Location of the study area. The land cover data originated from the European Space Agency’s (ESA) WorldCover 10 m 2020 product (Venter et al. 2022). The cartographic reference number GS(2019)1822

Table 1 General characteristics of observational plots

The Kruskal–Wallis test was employed to examine the significance of the differences in SOC content and SOCS distribution across soil depths.

Remote sensing data and preprocessing

Sentinel-1 is an all-weather radar imaging system, which was developed by the European Commission and the European Space Agency for the Copernicus Global Earth Observation Project. The Sentinel-1 imaging system operates in the C-band and has four imaging modes, providing technical support for long-term monitoring of a given region due to its dual polarization capability, short revisit period, and fast product production (Plank 2014). In this study, two remote sensing images of Sentinel-1 IW GRD acquired on September 18, 2019 with a spatial resolution of 10 m were selected. The ESA software SNAP was used to preprocess the Sentinel-1 images, which included orbit correction, thermal noise removal, radiometric calibration, speckle filtering, and terrain correction. Finally, the VV and VH polarization backscatter coefficients were obtained.

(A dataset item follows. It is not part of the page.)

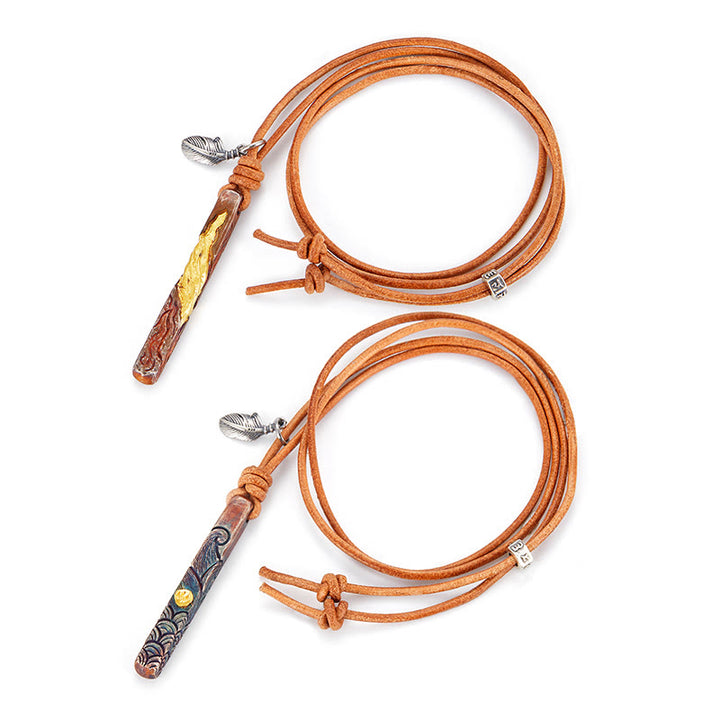 WorldNorse Handcrafted 999 Gold Textured Wave Feather Accent Necklace - image 3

Sentinel-2 is a high-resolution multispectral imaging satellite that carries a Multispectral Imager (MSI) at a height of 786 km with 13 spectral bands. The Sentinel-2 image data is unique in having three specialized red-edge bands, which makes it particularly effective for monitoring vegetation health information. Four remote sensing images of Sentinel-2 L2A were selected on September 18, 2019.

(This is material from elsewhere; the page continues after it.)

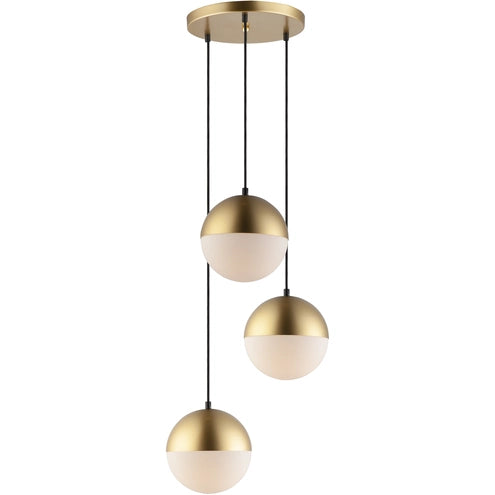 ET2 Contemporary Lighting E20364-92MG Half Moon LED 16.5 inch Metallic Gold Multi-Light Pendant Ceiling Light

In this study, we selected the VV and VH bands of Sentinel-1 radar data and their corresponding 16 texture indices, as well as B1, B2, B3, B4, B5, B6, B7, B8, B8A, B10, B11, and B12 bands of Sentinel-2 data and their corresponding 96 texture indices (Table 2) as variables. In addition, we calculated eight vegetation indices resulting in a total of 134 variables. Previous studies have suggested that vegetation and texture indices based on band reflectivity can help improve the estimation accuracy of SOCS (Wang et al. 2019b).

Table 2 Calculations of texture and vegetation indices according to Haralick (1979); Rouse Jr et al. (1974)

Feature selection

Based on the coordinates of each site, texture and vegetation indices were extracted. Before feature selection, SOCS within 100 cm was summed of four layers (0–10, 10–30, 30–50, and 50–100 cm). In order to reduce the calculating cost and improve the modeling efficiency, the gradient boosting algorithm was used for feature selection. One advantage of gradient boosting algorithms is that they allow for obtaining the importance score of each attribute relatively easily after creating the boosting trees. In general, the importance score measures the value of a feature in the decision tree construction of the model. The more an attribute is used to construct decision trees in the model, the higher its importance. The attribute importance is calculated by computing and ranking each attribute in the dataset. In a single decision tree, attribute importance is calculated by the quantity that improves the performance metric by each attribute split point, weighted by the nodes it is responsible for and the number of times it is recorded. That is, the greater the improvement of the performance metric by an attribute at a split point (closer to the root node), the greater the weight assigned to it, and the more important the attribute is as it is selected by more boosting trees. The performance metric can be the Gini purity for selecting split plots or other scoring functions. Finally, the results of each attribute in all boosting trees are weighted and summed before being averaged to obtain an importance score (Bentéjac et al. 2021; Mayr et al. 2014).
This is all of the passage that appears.